Вместе с тем, Гоголь, критикуя российскую культуру, открыл такие пласты традиционности, которые не были известны Лермонтову и на существование которых всего лишь указал Пушкин. Гоголевский Акакий Акакиевич Башмачкин это ближайший родственник пушкинского Самсона Вырина. Но не из пушкинского «Станционного смотрителя» вышла вся последующая русская литература о «маленьком человеке», а из гоголевской «Шинели». Тем не менее, в методологии анализа российской традиционности Гоголь, Пушкин и Лермонтов стоят рядом. Акакий, Онегин и Печорин – «застрявшие» персонажи, патологически раздвоены и не способны эту раздвоенность преодолеть. Эта неспособность ведет их к умиранию, гибели. В этой способности/неспособности – проблема выживания современной России. У всех трех эта проблема звучит примерно так – способен ли русский человек найти в себе цивилизационный ресурс, чтобы также, как лермонтовский Демон, сознательно раздваивать синкретичные смыслы, например, Бога, человека, и также, как Демон, синтезировать их в богочеловеческой способности к формированию новых форм культуры, например, в способности понять личность через любовь, а любовь через личность? Либо русского человека ожидает иное будущее – он как Акакий Акакиевич фатально застрянет в сфере между традиционно сложившимися смыслами, например, иметь шинель или не иметь, и не будучи способным организовать свою жить так, чтобы иметь шинель, и, не будучи способным жить без шинели, умрет? Логики Демона и Акакия это смысловое пространство культурного выбора между логиками Нового и Ветхого Заветов в условиях современной России. Демон и Акакий это два пути России, два взгляда на ее будущее, две исторические альтернативы, через которые видны жизнь и смерть России. Выбор за русским человеком. И объяснили, проанализировали логику этого выбора два великих писателя, владевших методологией новозаветно-гуманистического анализа человеческой реальности – Лермонтов и Гоголь.

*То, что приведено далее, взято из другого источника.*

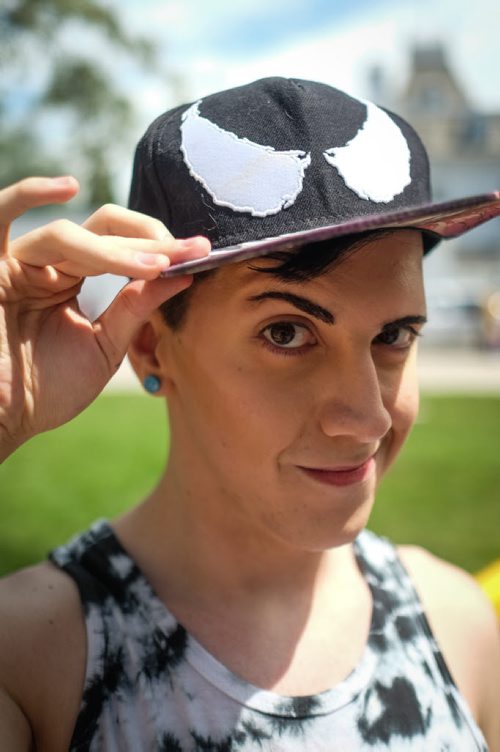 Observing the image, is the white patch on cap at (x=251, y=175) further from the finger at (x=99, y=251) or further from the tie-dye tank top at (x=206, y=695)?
the tie-dye tank top at (x=206, y=695)

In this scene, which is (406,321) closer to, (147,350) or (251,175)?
(251,175)

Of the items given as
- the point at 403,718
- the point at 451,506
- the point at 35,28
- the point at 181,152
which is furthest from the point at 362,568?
the point at 35,28

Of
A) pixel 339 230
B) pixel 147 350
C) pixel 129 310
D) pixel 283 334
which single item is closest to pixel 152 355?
pixel 147 350

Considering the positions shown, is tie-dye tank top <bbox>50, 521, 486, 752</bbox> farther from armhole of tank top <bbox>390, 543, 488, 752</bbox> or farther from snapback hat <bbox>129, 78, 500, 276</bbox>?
snapback hat <bbox>129, 78, 500, 276</bbox>

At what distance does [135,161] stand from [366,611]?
1.22m

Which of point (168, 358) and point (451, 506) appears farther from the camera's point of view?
point (451, 506)

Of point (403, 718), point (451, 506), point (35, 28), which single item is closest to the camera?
point (403, 718)

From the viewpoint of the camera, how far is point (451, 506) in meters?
6.36

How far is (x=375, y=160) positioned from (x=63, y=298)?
2.28ft

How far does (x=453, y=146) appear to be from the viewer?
1759 inches

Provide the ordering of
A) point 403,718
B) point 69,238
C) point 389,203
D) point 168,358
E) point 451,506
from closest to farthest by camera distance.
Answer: point 69,238 < point 389,203 < point 403,718 < point 168,358 < point 451,506

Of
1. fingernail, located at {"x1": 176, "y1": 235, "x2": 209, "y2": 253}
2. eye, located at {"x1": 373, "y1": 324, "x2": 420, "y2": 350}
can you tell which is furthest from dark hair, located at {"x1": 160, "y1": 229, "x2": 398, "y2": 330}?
eye, located at {"x1": 373, "y1": 324, "x2": 420, "y2": 350}

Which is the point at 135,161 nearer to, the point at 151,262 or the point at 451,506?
the point at 151,262

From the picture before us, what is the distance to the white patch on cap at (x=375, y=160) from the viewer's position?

Значение Гоголя, как и Лермонтова, в том, что он в интерпретации божественного опирался не только на достижения православия, но и на протестантский[260] и католический опыт. Это сразу почувствовали иерархи Русской православной церкви, провозгласившие, что в письмах Гоголя есть не только свет, но и тьма. «Тьма» проявлялась по разному: и в том, что в Риме для Гоголя было «ближе к небу», чем в России, и в его поисках середины. Эта еретическая «тьма» это то, что роднит самозванство Гоголя с самозванством Пушкина и Лермонтова.

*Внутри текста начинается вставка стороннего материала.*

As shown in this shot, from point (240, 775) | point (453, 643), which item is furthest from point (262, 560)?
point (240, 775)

Мог ли Гоголь создать своего Демона? Конечно. И писатель был на пути его создания во втором томе «Мертвых душ». Но гоголевский Демон был бы не таким, как у Лермонтова. В нем господствовал бы протестантский дух Иисусовой притчи о талантах и писем апостола Павла – и об этом убедительно свидетельствуют образы Костанжогло и Муразова. В нем господствовала бы опосюстороненная, земная, конкретная любовь как медиационная альтернатива любви потусторонней и абстрактной, но в ней не было бы любви между мужчиной и женщиной. В нем господствовала бы кипучая общественная деятельность во имя Бога и личная жертвенность во имя Другого, характерная для католического способа веры. И в нем господствовала бы сметающая на своем пути каноны и догматы способность к творчеству, поиску новизны, характерная для гуманизма. Но задаю вопрос – восхитился ли бы русский читатель таким Демоном? Сомневаюсь. Гоголевский Демон в значительной степени воплотился в гончаровском Штольце и тургеневском Соломине. И публика их не приняла. Думаю, гоголевского Демона ожидала судьба лермонтовского – отторжение, неприятие, хотя какая-то часть публики и увидела бы в нем либеральное будущее России.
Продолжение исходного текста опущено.